Studio album by I Am
- Released: 1995
- Genre: Alternative rock, progressive rock
- Length: 48:46
- Label: U Call It Productions
- Producer: I Am

= There's a Home =

There's a Home is the 1995 debut of the Las Vegas alternative, progressive rock band I Am and contains thirteen tracks. The album was the only commercial release of I Am, which disbanded later that year. The album feature Greg Greer on vocals, Rod Arnett on bass, Dan Ryan on guitar, and video game music composer Frank Klepacki on drums. The album is influenced by Tool and Soundgarden, which are thanked in liner notes. The thirteenth song is not listed on the album; on this track, a somber man recites what are apparently self-help instructions and a humorous mantra—"the louder the apartment is, the happier I will be."
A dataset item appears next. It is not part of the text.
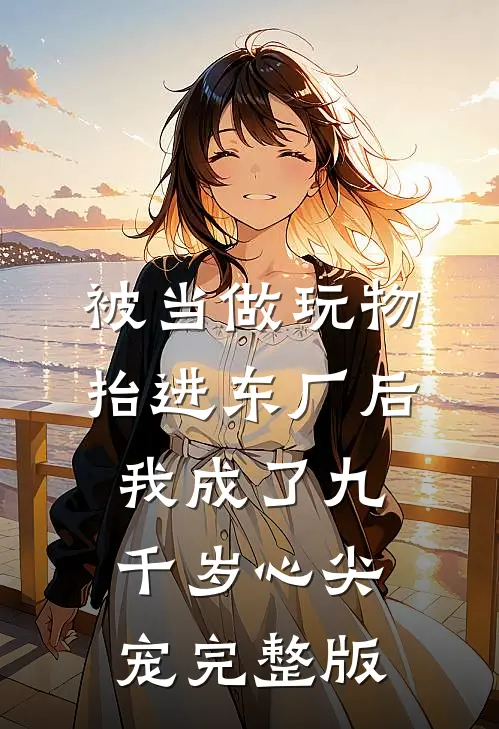 被当做玩物抬进东厂后，我成了九千岁心尖宠完整版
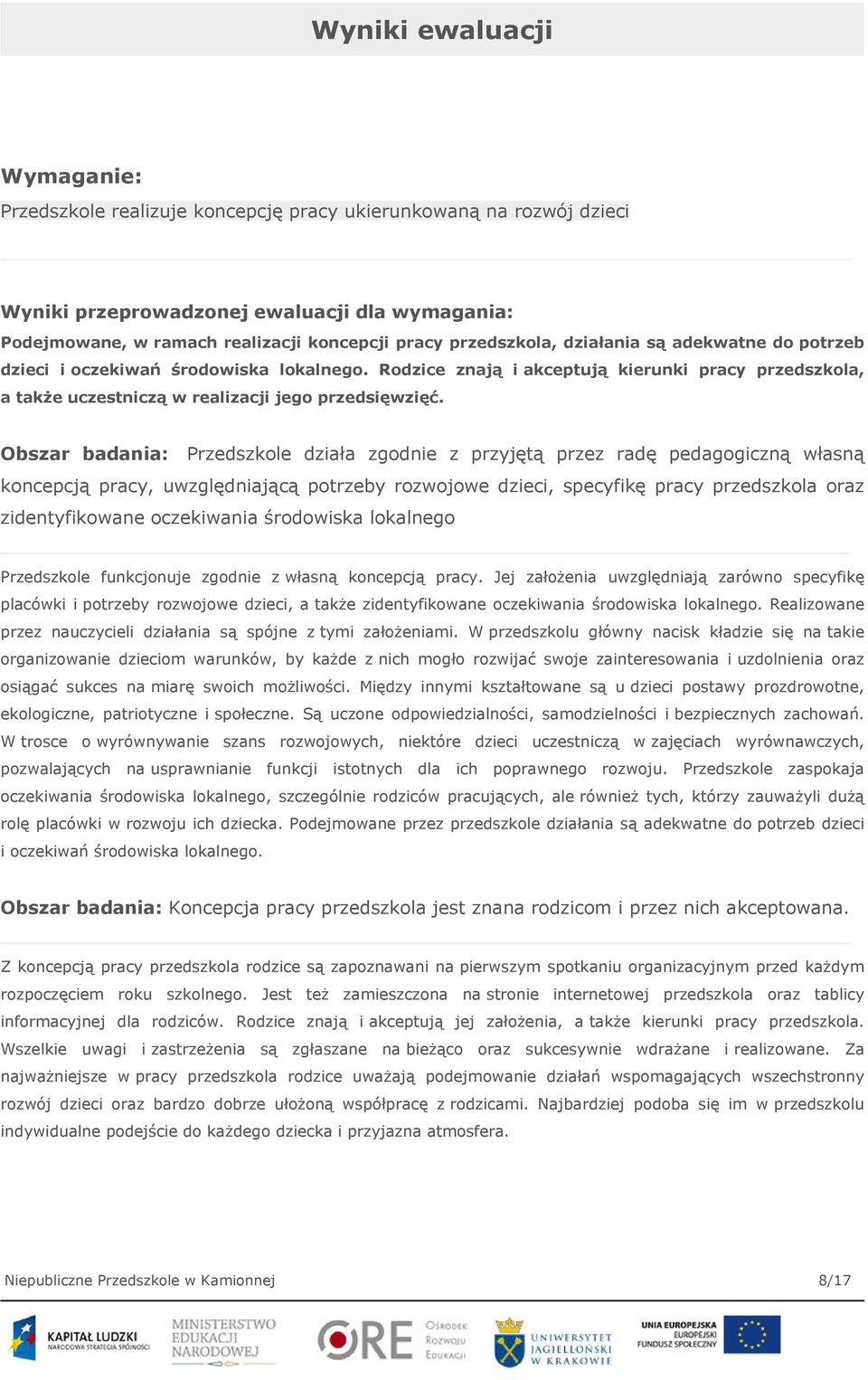 Obszar badania: Przedszkole działa zgodnie z przyjętą przez radę pedagogiczną własną koncepcją pracy, uwzględniającą potrzeby rozwojowe dzieci, specyfikę pracy przedszkola oraz zidentyfikowane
The song Destructible Times was used the same year in the video game Command & Conquer, specifically in the credits for the Brotherhood of Nod. Developers at Westwood Studios specifically requested the song because it "reflected the war aspect and bad-ass vibe of Nod's side." The band was once recorded live while performing this song. Greg Greer sued EA for copyright violation, but the case was dismissed. It was the first commercial album Klepacki's playing appeared on; he wrote several songs for the band. The album was recorded and engineered by Brett Hansen as Audio Art studios, and mastered by Brian Hamilton at Bernie Grundman Studios. Michael Lohr photographed the band. Though disbanded in 1995, Klepacki continues to support the band's music, offering There's a Home for sale on his website along with a t-shirt referencing Destructible Times.

==Track listing==

1. Element
2. There's a Home
3. Finding Myself
4. Buzz
5. Progressive
6. Stand Alone
7. Costly
8. Bad Daze
9. Eyes
10. My Way
11. Destructible Times
12. Laughing It Off
13. I Will... (Bonus Track)

All tracks were written and performed by I Am.